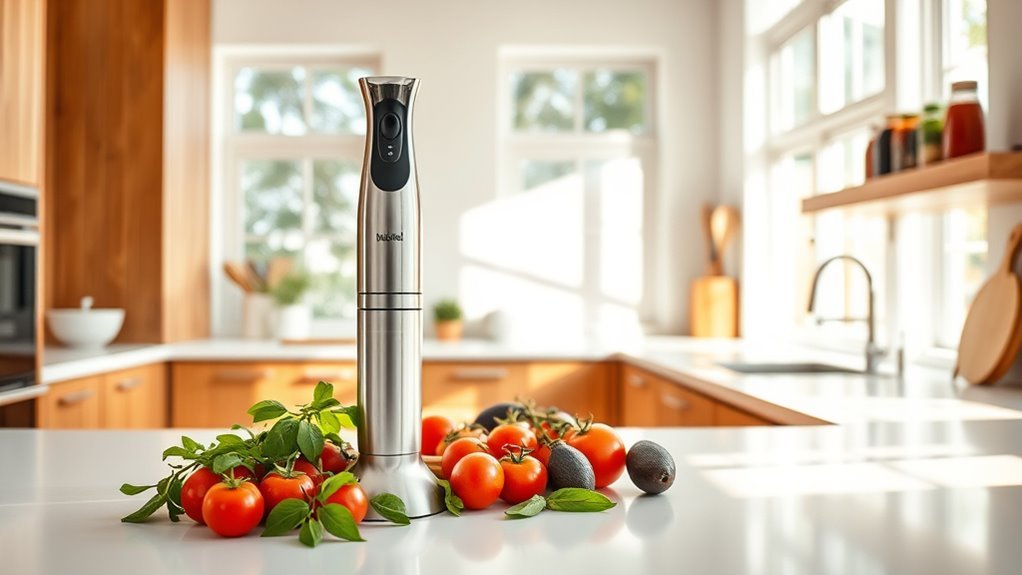 quick clean immersion blender ease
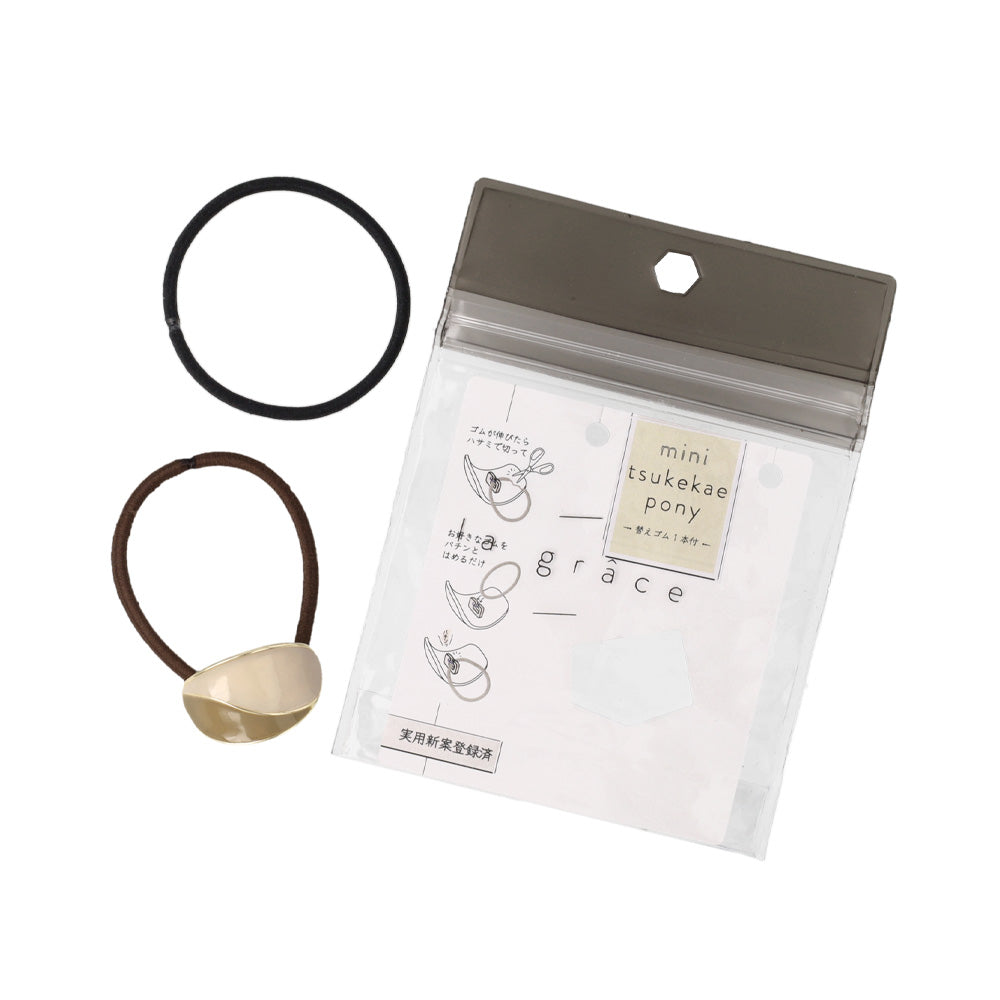 Mini Bicolor Oval Hair Tie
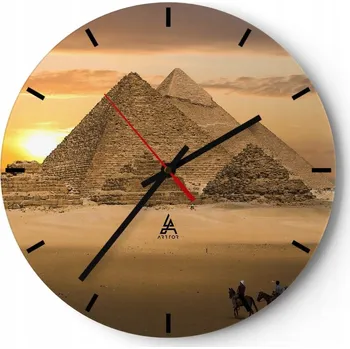 Hodiny Velké nástěnné hodiny 40x40 Architektura Skleněné hodiny Tiché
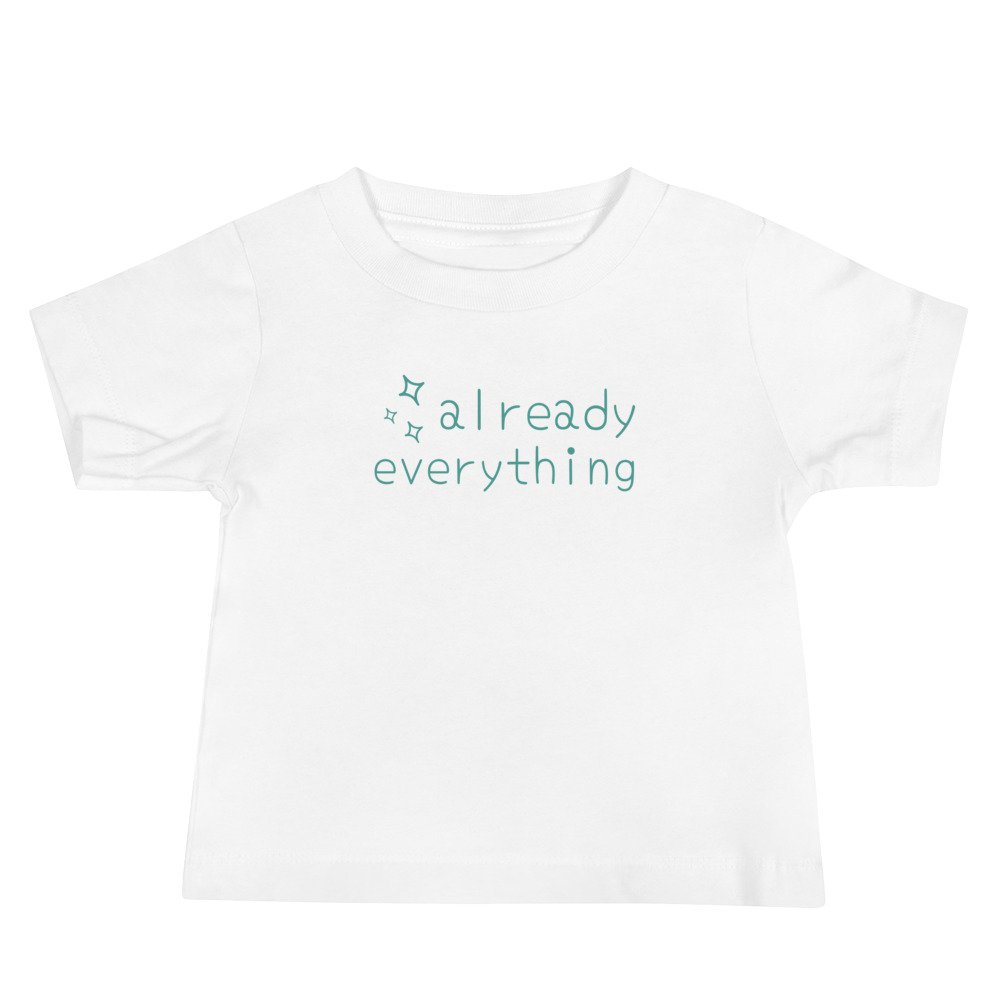 Airlume 100% Cotton Baby Tee – Already Everything Already Everything in Stargazer 100% Airlume Cotton Baby Tee by Little Guru & Co.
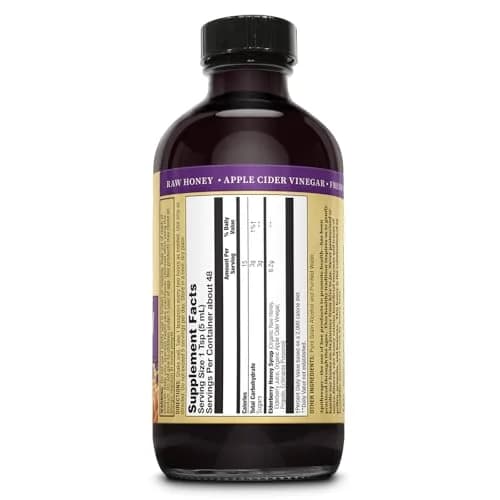 ZAND Elderberry & Honey Immune Syrup 8 Fl Oz | Natural Elderberry & Honey Support thumbnail 2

————————

▶ Task description
Could you reproduce exactly the lines running from the one with "Hodiny Velké nástěnné" through the final line of the listing above, both included, and drop the pictures?

▶ Task solution
 Hodiny Velké nástěnné hodiny 40x40 Architektura Skleněné hodiny Tiché
 Airlume 100% Cotton Baby Tee – Already Everything Already Everything in Stargazer 100% Airlume Cotton Baby Tee by Little Guru & Co.
 ZAND Elderberry & Honey Immune Syrup 8 Fl Oz | Natural Elderberry & Honey Support thumbnail 2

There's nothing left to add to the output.